**Work task**
The answer should be every line below, repeated exactly, with the images left out.

**Available records**
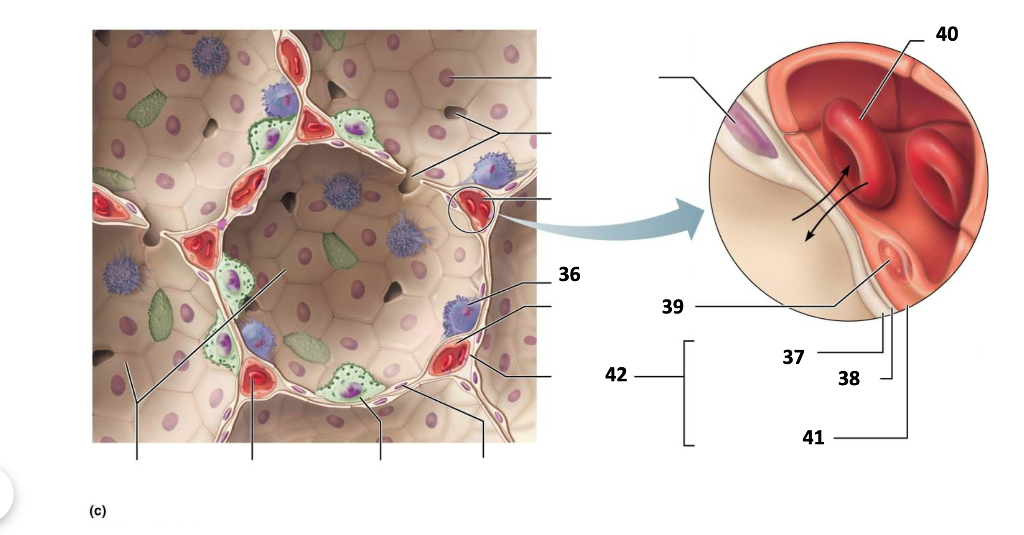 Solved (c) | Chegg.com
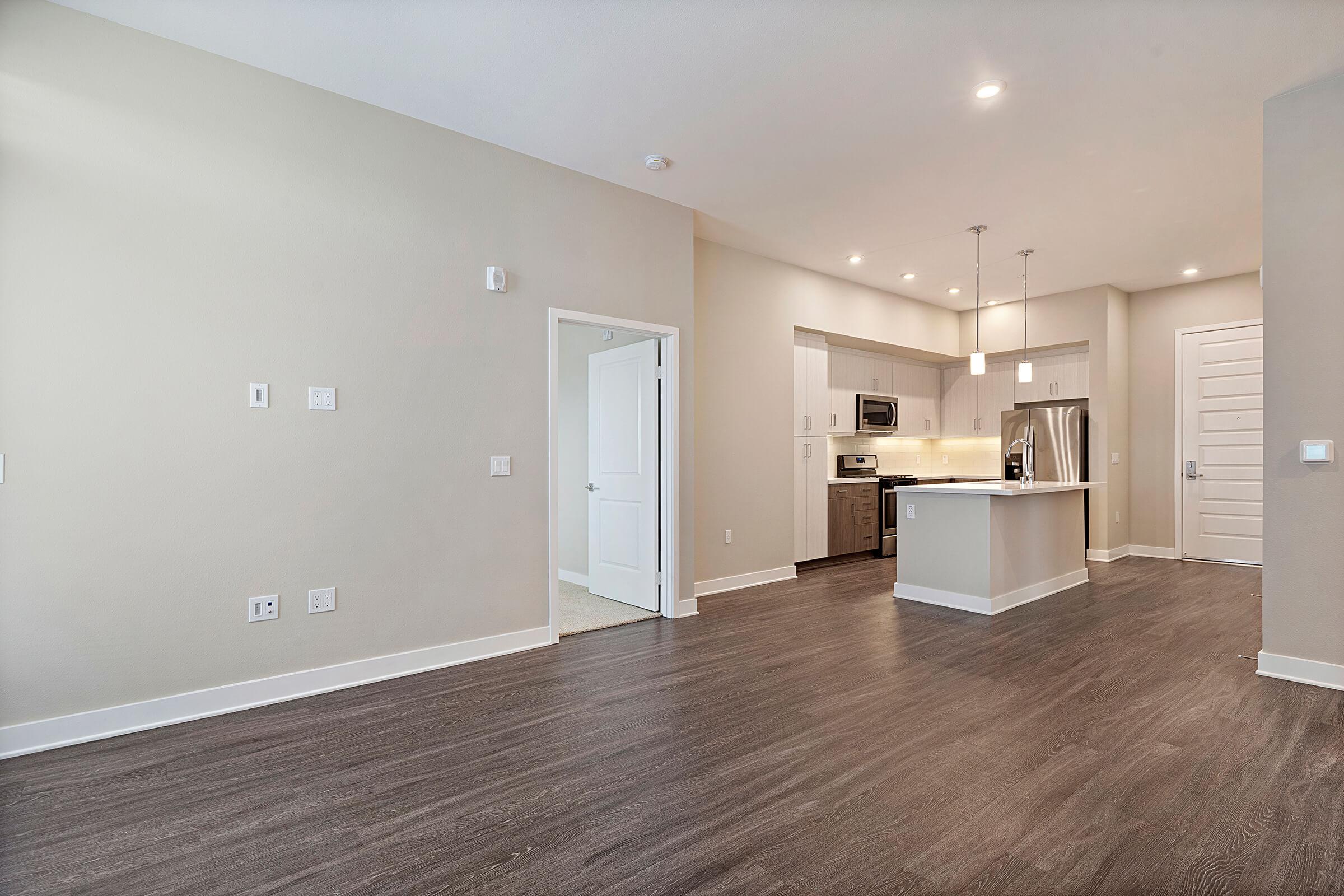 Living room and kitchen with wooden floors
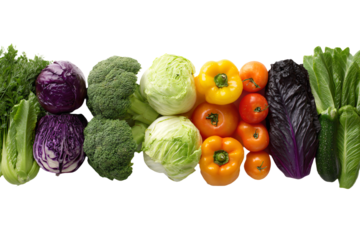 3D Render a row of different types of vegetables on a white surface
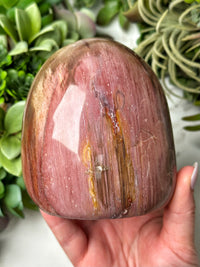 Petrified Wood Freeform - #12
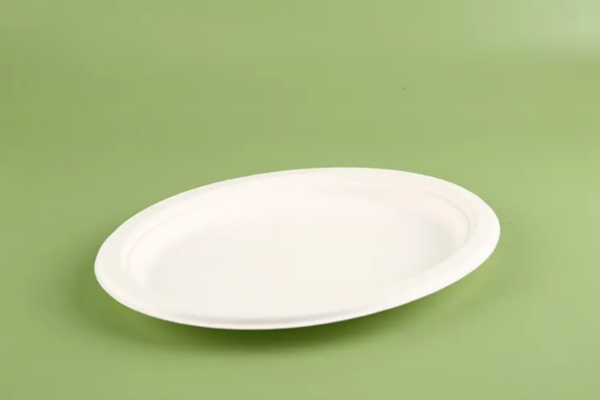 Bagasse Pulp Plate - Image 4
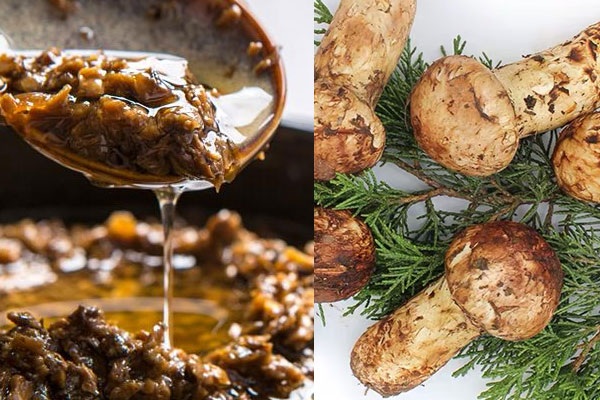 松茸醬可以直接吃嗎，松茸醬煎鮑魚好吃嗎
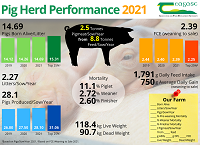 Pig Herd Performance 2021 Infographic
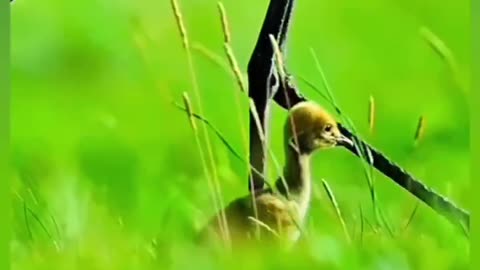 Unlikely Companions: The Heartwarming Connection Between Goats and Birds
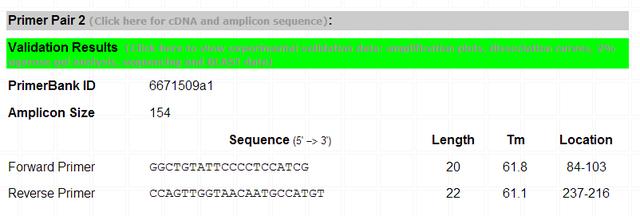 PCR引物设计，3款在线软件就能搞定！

**Answer box**
 Solved (c) | Chegg.com
 Living room and kitchen with wooden floors
 3D Render a row of different types of vegetables on a white surface
 Petrified Wood Freeform - #12
 Bagasse Pulp Plate - Image 4
 松茸醬可以直接吃嗎，松茸醬煎鮑魚好吃嗎
 Pig Herd Performance 2021 Infographic
 Unlikely Companions: The Heartwarming Connection Between Goats and Birds
 PCR引物设计，3款在线软件就能搞定！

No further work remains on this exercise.